Visuele waarneming: Veelvuldig toegepast door kijkglazen en gemaakte openingen in de
ketelwand.
Locason: Geen resultaat wegens aanwezig achtergrondgeluid.
Warmtebeeldcamera: Geen resultaat wegens aanwezigheid van warmtebronnen door verlichting in
de ketel.
Stokcamera: Geen resultaat wegens geringe lengte en beweegbaarheid.
Rioolcamera: Geen resultaat wegens geringe manoeuvreerbaarheid.
Videocamera: Toegepast door abseilers.
Fotocamera: Toegepast door abseilers.
Endoscoopcamera: Toegepast; resultaat bij slachtoffer 6,7,en 8.
Portofoons: Communicatie in de ketel tussen portofoons is mogelijk; resultaat bij
slachtoffer 2
Verrekijker: Geen resultaat.
Mobiele telefoons: Geen resultaat.
Een ernstige belemmering voor de communicatie met de slachtoffers is het dragen van een
verseluchtkap, die als het slachtoffer bekneld is moeilijk of niet te verwijderen is. Door afsluiting van de
omgeving en het permanente geruis van de luchttoevoer is het met een dergelijke kap in deze
omstandigheden niet of nauwelijks mogelijk geluiden van buitenaf op te vangen of signalen te geven.
---
Conclusies en een aanbeveling
· De lokalisatie van de slachtoffers heeft voornamelijk plaatsgevonden door persoonlijke visuele
waarneming en door het persoonlijk aanroepen. Van een aantal toegepaste technische
hulpmiddelen heeft alleen de endoscoopcamera resultaat gehad.
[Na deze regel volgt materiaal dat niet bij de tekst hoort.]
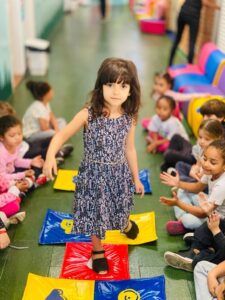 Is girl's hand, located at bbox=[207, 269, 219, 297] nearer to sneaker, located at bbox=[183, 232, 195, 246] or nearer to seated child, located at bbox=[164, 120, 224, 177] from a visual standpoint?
sneaker, located at bbox=[183, 232, 195, 246]

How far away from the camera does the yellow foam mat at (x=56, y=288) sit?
2131 mm

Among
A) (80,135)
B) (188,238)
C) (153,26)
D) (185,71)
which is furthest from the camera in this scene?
(153,26)

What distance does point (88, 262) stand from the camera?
2.43 metres

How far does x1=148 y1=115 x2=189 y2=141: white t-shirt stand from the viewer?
3.83m

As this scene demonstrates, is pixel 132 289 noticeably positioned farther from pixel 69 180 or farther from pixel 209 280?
pixel 69 180

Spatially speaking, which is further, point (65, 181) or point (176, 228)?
point (65, 181)

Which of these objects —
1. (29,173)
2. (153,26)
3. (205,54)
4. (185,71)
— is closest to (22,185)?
(29,173)

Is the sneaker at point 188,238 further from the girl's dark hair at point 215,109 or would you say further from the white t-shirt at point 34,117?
the white t-shirt at point 34,117

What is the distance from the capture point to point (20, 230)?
2.72 m

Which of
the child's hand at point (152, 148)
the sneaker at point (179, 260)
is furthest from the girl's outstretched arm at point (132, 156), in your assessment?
the child's hand at point (152, 148)

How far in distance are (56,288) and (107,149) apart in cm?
84

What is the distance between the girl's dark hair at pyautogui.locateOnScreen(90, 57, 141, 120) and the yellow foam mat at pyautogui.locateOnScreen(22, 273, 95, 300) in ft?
3.19

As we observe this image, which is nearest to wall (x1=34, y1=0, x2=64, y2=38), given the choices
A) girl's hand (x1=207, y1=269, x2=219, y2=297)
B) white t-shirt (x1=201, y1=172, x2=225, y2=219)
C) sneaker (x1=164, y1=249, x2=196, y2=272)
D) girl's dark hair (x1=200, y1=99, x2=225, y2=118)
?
girl's dark hair (x1=200, y1=99, x2=225, y2=118)

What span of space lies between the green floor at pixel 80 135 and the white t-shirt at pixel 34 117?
453 millimetres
De communicatie met de levend
geredde slachtoffers vond plaats door persoonlijk contact, zoals gesprekken en handcontact.
Eenmaal is tijdens een reddingsactie een slachtoffer een portofoon overhandigd en met succes
gebruikt.
· Er zijn geen aanwijzingen dat een andere opzet van de reddingsacties of een andere vorm van
communicatie de redding van de slachtoffers in de ketel zou hebben versneld of verbeterd.
· Het is aan te bevelen om ten behoeve van hun veiligheid personen, die in geïsoleerde
omstandigheden werkzaamheden verrichten, te voorzien van communicatiemiddelen waarmee ze
permanent in onderling contact staan en contact met een veiligheidsfunctionaris buiten de
geïsoleerde werkomgeving kunnen onderhouden.